Imaginar poliedros, conceber as suas planificações e construí-los é uma actividade capaz de exercitar e desenvolver, por exemplo:

Neste documento ensaia-se uma maneira de abordar esta actividade [1,2]. Assume-se que se aprende a conceber planificações por um processo de tentativa e erro. Imagina-se uma hipótese de planificação, verifica-se se permite montar o poliedro pretendido e volta-se ao princípio. Não há uma receita para determinar a boa planificação automaticamente. Cada poliedro pode ser planificado de muitas maneiras. A maneira que se acaba por escolher é a que melhor satisfaz os critérios pessoais da estética e da funcionalidade.

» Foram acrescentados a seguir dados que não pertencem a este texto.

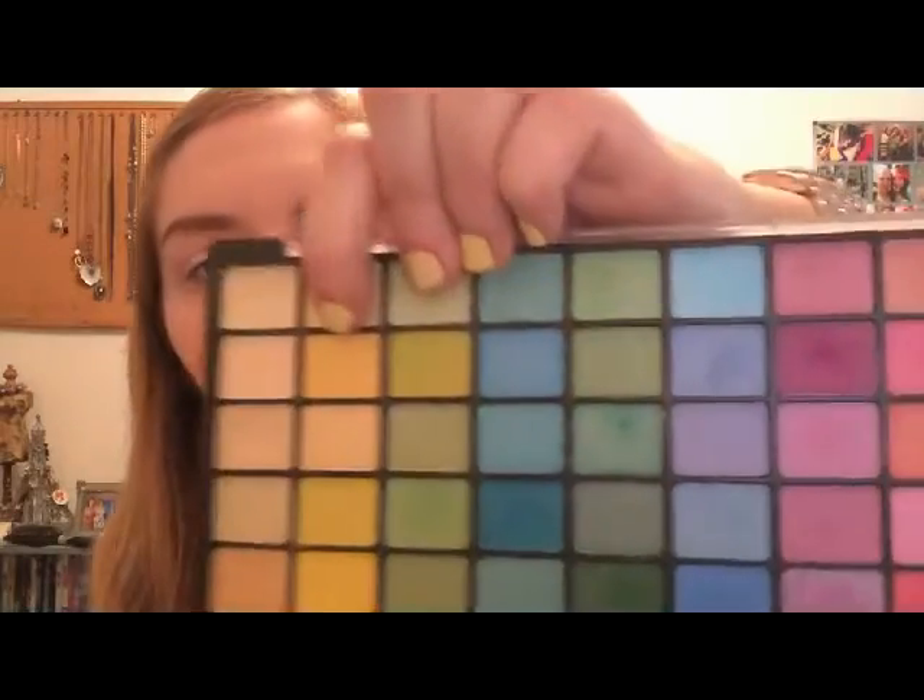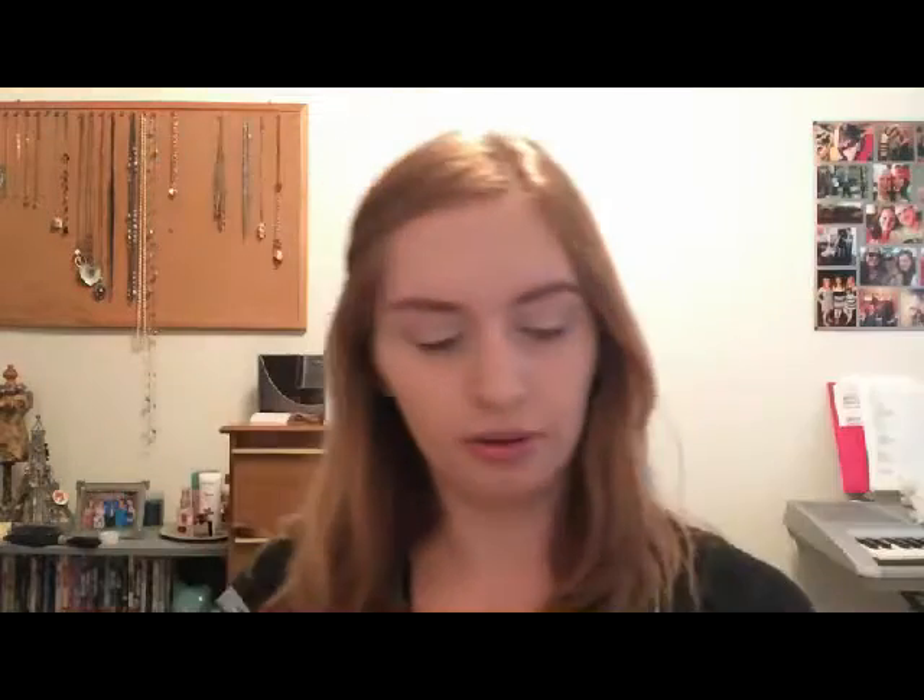We're gonna start off with a bright yellow — this one right here, a very true bright yellow. I'm gonna use some of this ELF makeup mist setting spray, just spray that onto this little card from my phone, and then dip your brush in it a little bit. This helps make the colors more pigmented, and since we're using bright colors, they'll show up more if you use this.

Começamos por uma pirâmide quadrangular, logo a seguir uma dupla pirâmide pentagonal e terminamos esta primeira parte com mais alguns exemplos de poliedros convexos, imaginando cortes e colagens.

Teoria

Comecemos por uma pirâmide de base quadrada (ver figura 1). Se os lados da base tiverem comprimento $l$ e se a pirâmide tiver altura $h$ então o comprimento das arestas que se unem no vértice superior é

\begin{displaymath}x=\sqrt{\frac{1}{2}l^2+h^2}. \end{displaymath}

Munidos dos comprimentos de todas as arestas já podemos desenhar a planificação da pirâmide (ver figura 2). Agora recorta-se, dobra-se pelas arestas e usam-se as abas para colar. Aqui surge um problema: a última das faces a colar corta o acesso ao interior do poliedro e dificulta o pressionar da cola. Isto leva à utilização de cartolina muito fina por forma a tornar as dobras mais elásticas e exigirem menos pressão. Porém isto também torna o poliedro muito fácil de amachucar. É possível montar poliedros bastante rígidos aplicando a seguinte metodologia:
  1. Em vez de abas desenhe as faces a que as abas colariam (ver figura 3).
  2. Depois de vincar as arestas, coloque as faces alternadamente no lado exterior e no interior.
  3. Use fita-cola para fixar a cartolina.
As planificações devem ser pensadas tendo em conta esta metodologia. Mesmo para melhorar a precisão dimensional deve reduzir-se o número médio de faces sobrepostas (ver figura 4). De maneira geral é boa política que as planificações possuam simetria central, que as faces com maior número de lados fiquem ao centro e que as faces encaixem como uma ``dentadura''. Por exemplo, uma dupla pirâmide de base pentagonal (ver figura 5) poderia ser planificada tal como se mostra na figura 6 ou então como na 7.

Notação

As linhas usadas no desenho das planificações devem ser interpretadas de acordo com o esquema da figura 8. Por outro lado, na figura 9 são descritos os tipos de faces usados. Todas as planificações são combinações deste conjunto de faces. Note-se ainda que só se consideram planificações de um único pedaço de cartolina.

Prática

Vejamos agora um cubo. Uma planificação possível é a que se apresenta na figura 10. Quando se deforma o cubo a planificação ressente-se (ver figura 11). A deformação aplicada consiste em afastar dois vértices que se encontrem sobre uma linha recta que contenha o centro do cubo.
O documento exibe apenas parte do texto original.